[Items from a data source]
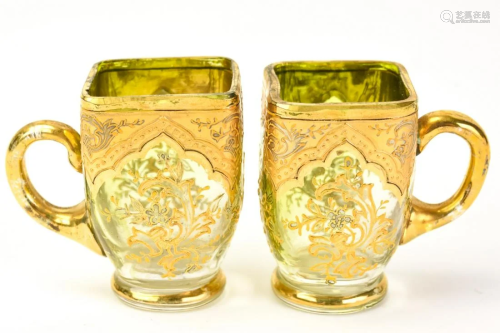 Pair Antique 19th C Moser Absinthe Bohemian Cups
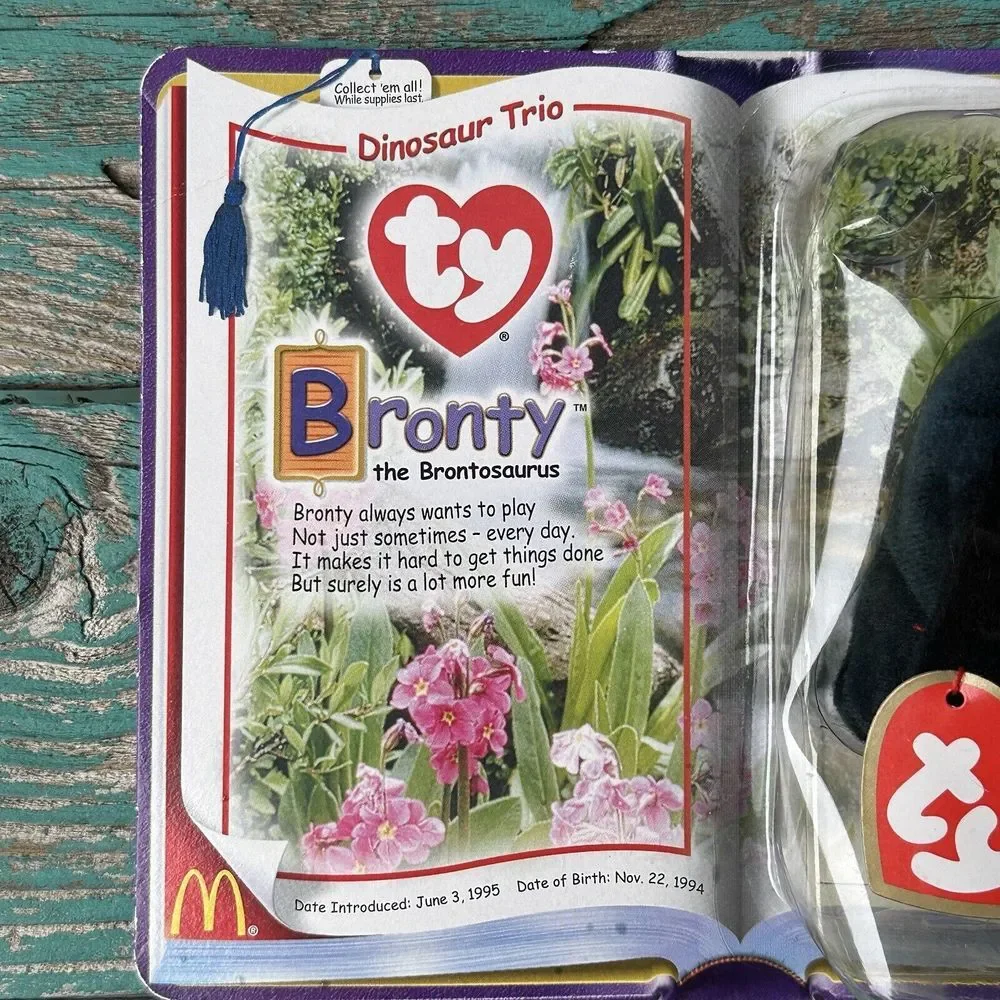 Ty Bronty Beanie Baby‎ Mcdonald's Dinosaur Trio Collection 2000 Retired Rare NOS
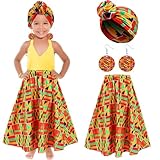 Tarpop 3 Pcs Halloween Girl African Outfits African Attire Maxi Dashiki Skirt Toddler Kid Boho Head Wrap Dangle Earring(7-8 Years)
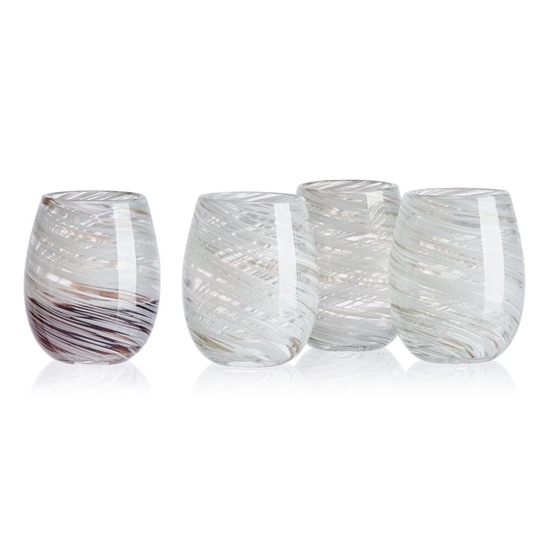 Picture of Mikasa Color Swirl Gray 16oz. Stemless Wine Glasses - Set of 4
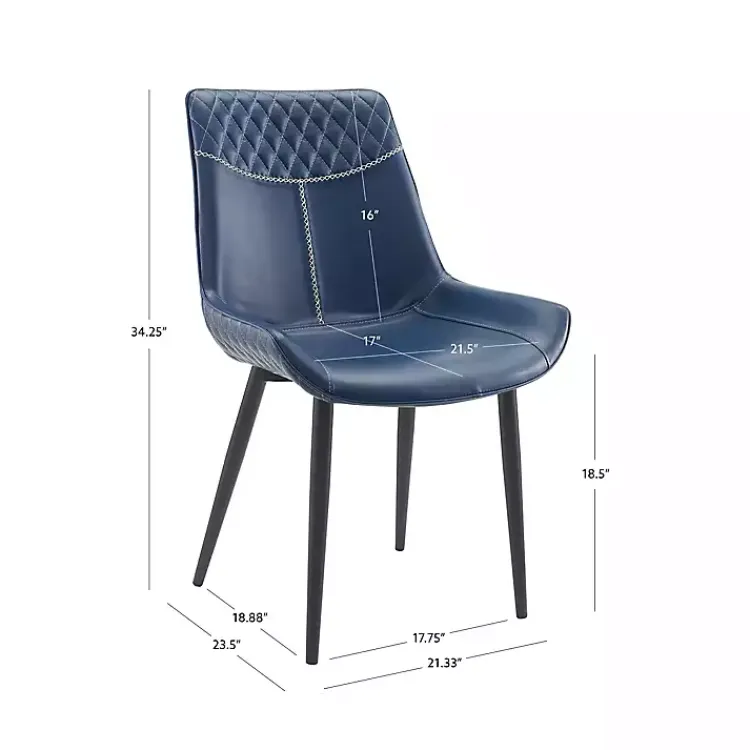Dining Chairs-Kirklands Home Faux Leather Stitched Chairs, Set of 2 Blue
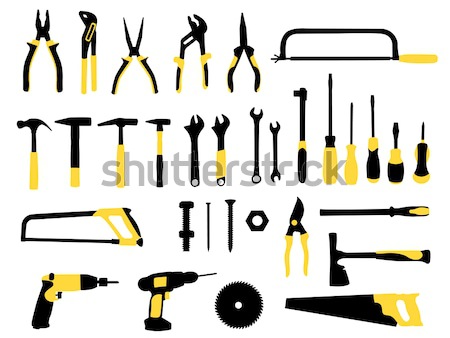 строительство инструменты рабочие Живопись силуэта молота Сток-фото © Nevenaoff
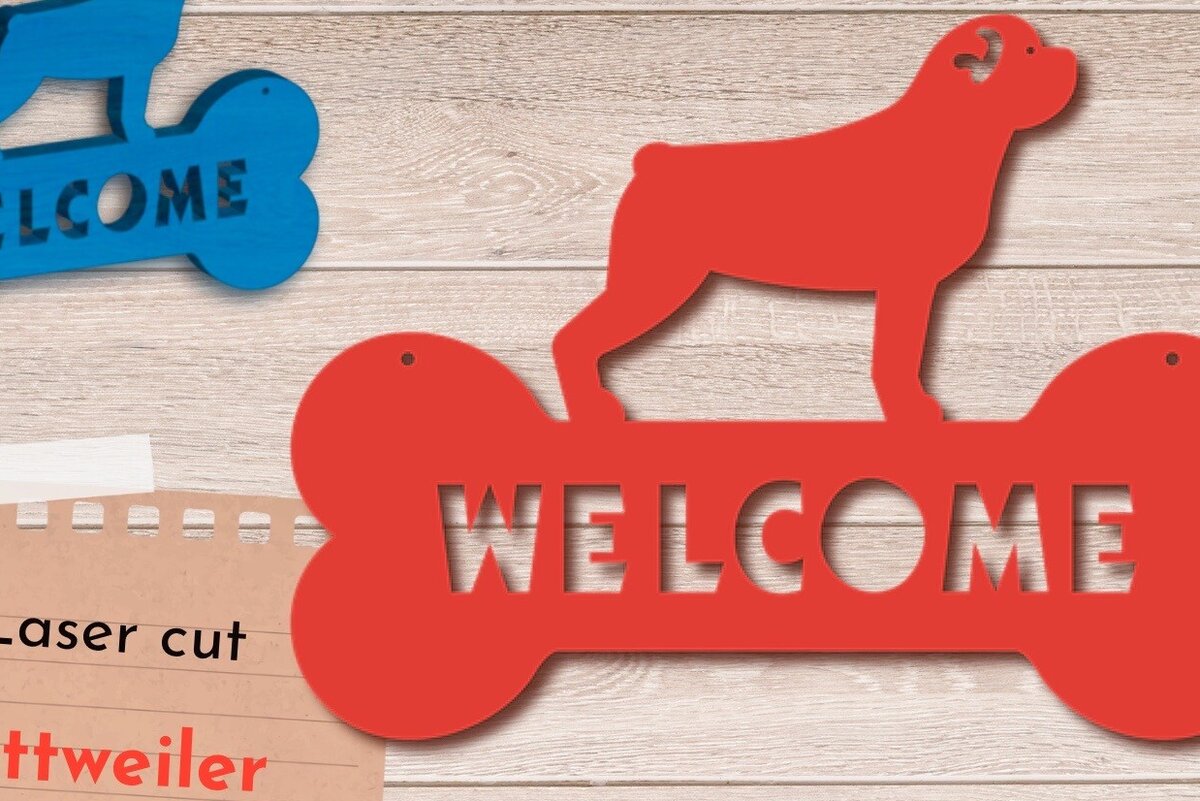 Intra απο ξύλο plywood 3mm-4mm πάχος – Σήμα καλωσορίσματος Rottweiler Dog, Dog Lover Δίασταση  20x20 cm INTRAFABR-81326644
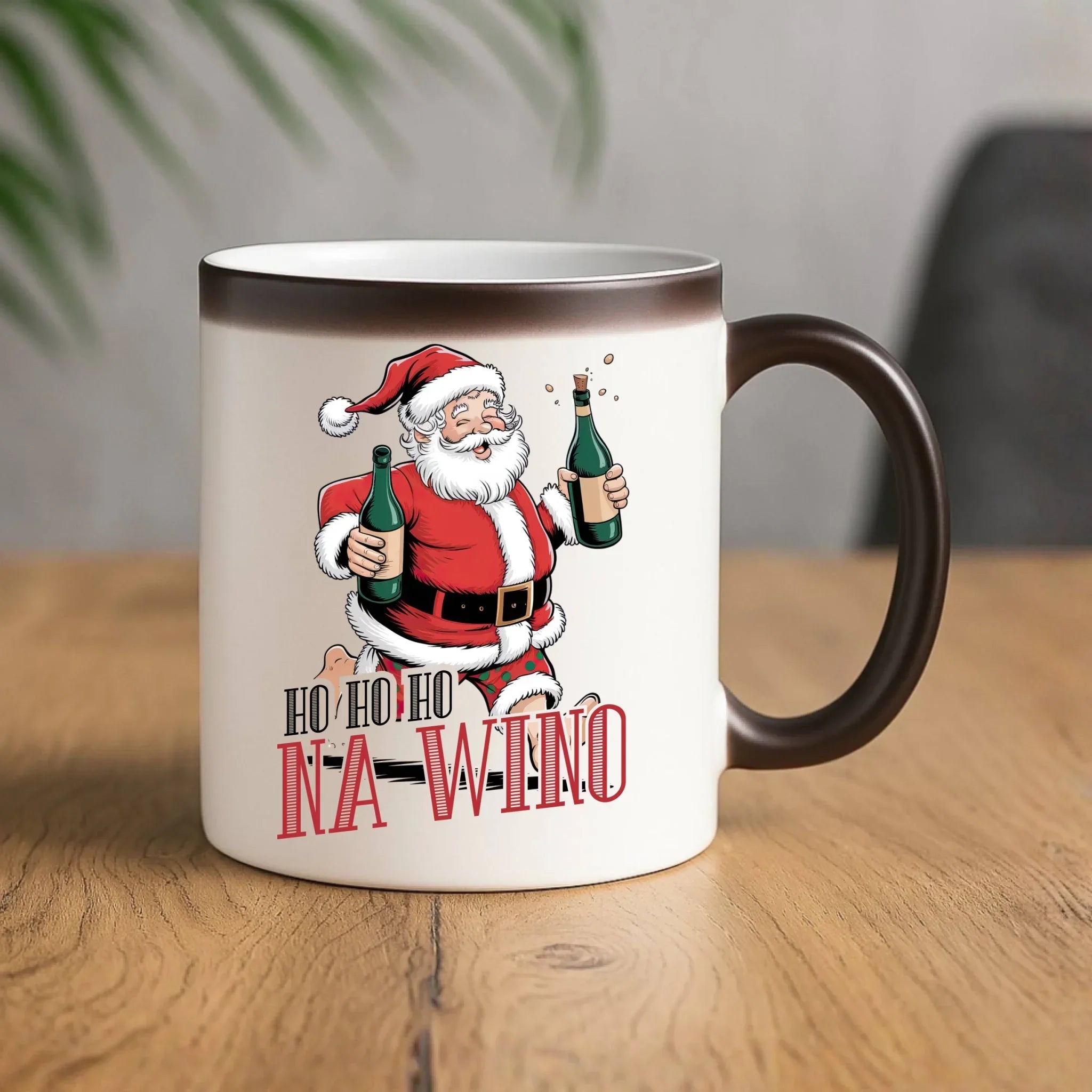 Kubek magiczny świąteczny - Mikołaj Ho ho ho na wino BN61 - StoryCups.pl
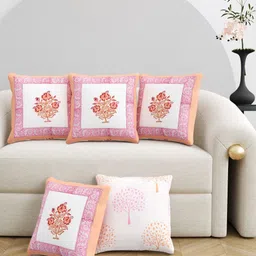 BLOCKS OF INDIA Peach & White 5 Pieces Ethnic Motifs Square Cushion Covers-image-28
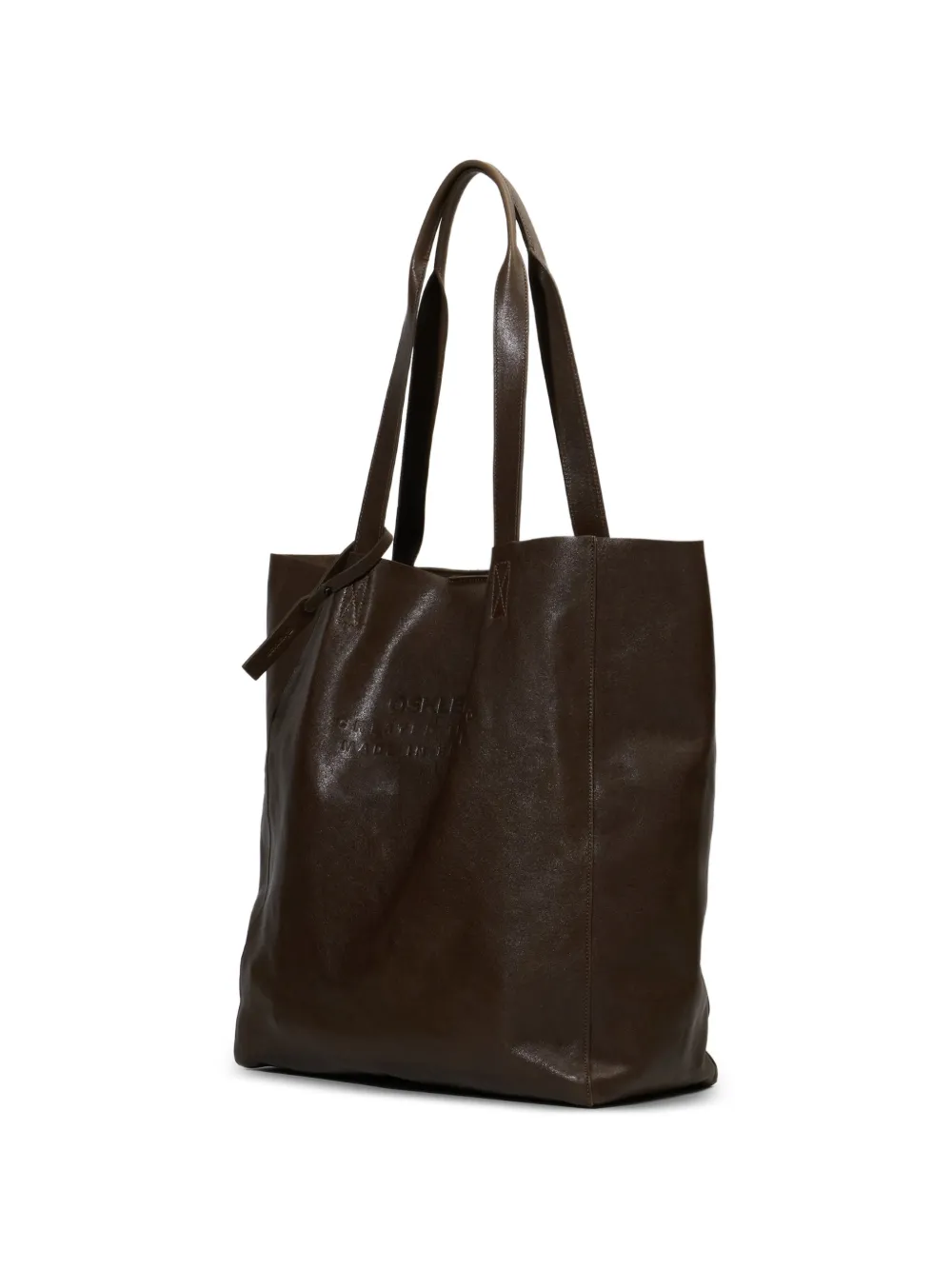  Osklen Embossed Leather Tote Bag - Brown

== TASK ==
Above are records; repeat only the lines from the line with "Picture of Mikasa" through the line with "строительство инструменты рабочие", and leave pictures out.

== TASK RESPONSE ==
 Picture of Mikasa Color Swirl Gray 16oz. Stemless Wine Glasses - Set of 4
Dining Chairs-Kirklands Home Faux Leather Stitched Chairs, Set of 2 Blue
 строительство инструменты рабочие Живопись силуэта молота Сток-фото © Nevenaoff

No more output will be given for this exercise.